ECC and smartcards
Andrey Jivsov
openpgp at brainhub.org
Tue Oct 1 20:56:21 CEST 2013
The main issue arising from this is interoperability.
IMO any other curve as a standard curve for digital signastures will
split already thin ecosystem of ECC to the degree that it's
insignificant. Users will continue to use RSA/DSA keys as a result.
Note that the situation regarding encryption is more forgiving. It's
only with signatures when we need the widest interoperability base,
because when I create a message or a key, I don't typically know who my
verifies are.
SuiteB curves are basically Neil Koblitz, a no-NSA-friend, curves with
parameters a,b following standard rules, but which method of choice is
unpublished.
People would want to see curves generated as some sort of hash output,
but if the hash is SHA, some of them will remain unconvinced.

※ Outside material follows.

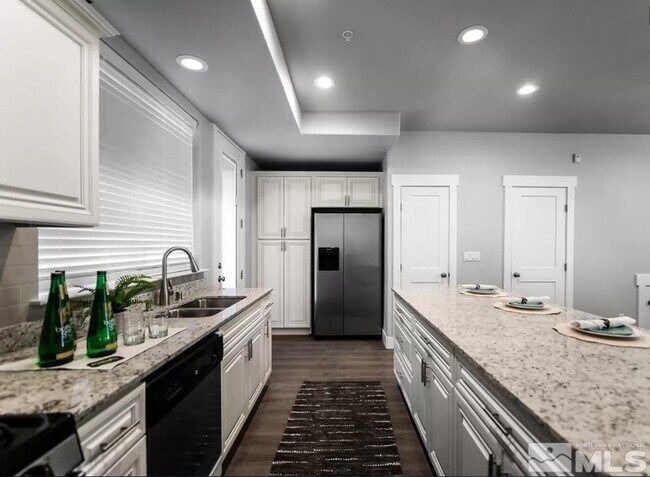 Building Photo - 710 Bluffs Ct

The bet against SuiteB weakness is that:
1) NSA knows about a (fundamental?) flaw in ECC
2) NSA is convinced that nobody will discover it, so that the US
government data protection at TOP SECRET level is not at risk
3) the alternatives (i.e. Edwards curves) don't have this flaw and don't
have other flaws related to special structure of the new curves
4) SHA2 algorithm is secure
This thread is started about ECDSA, so +
5) you are worrying about NSA forging OpenPGP signatures (as opposed to
breaking encryption)
Also, many people are thinking that entire ECC is flawed, so +
6) RSA, DSA is stronger.
My approach at this point is wait and see. In the calm 8 years between
SuiteB announcement until NSA revelations ECC got some traction, but far
from universal adoption. It's hard to see Edwards curves (or any other
ECC curve) having much success (unless you have a closed system and
don't care about anybody else, or an online protocol).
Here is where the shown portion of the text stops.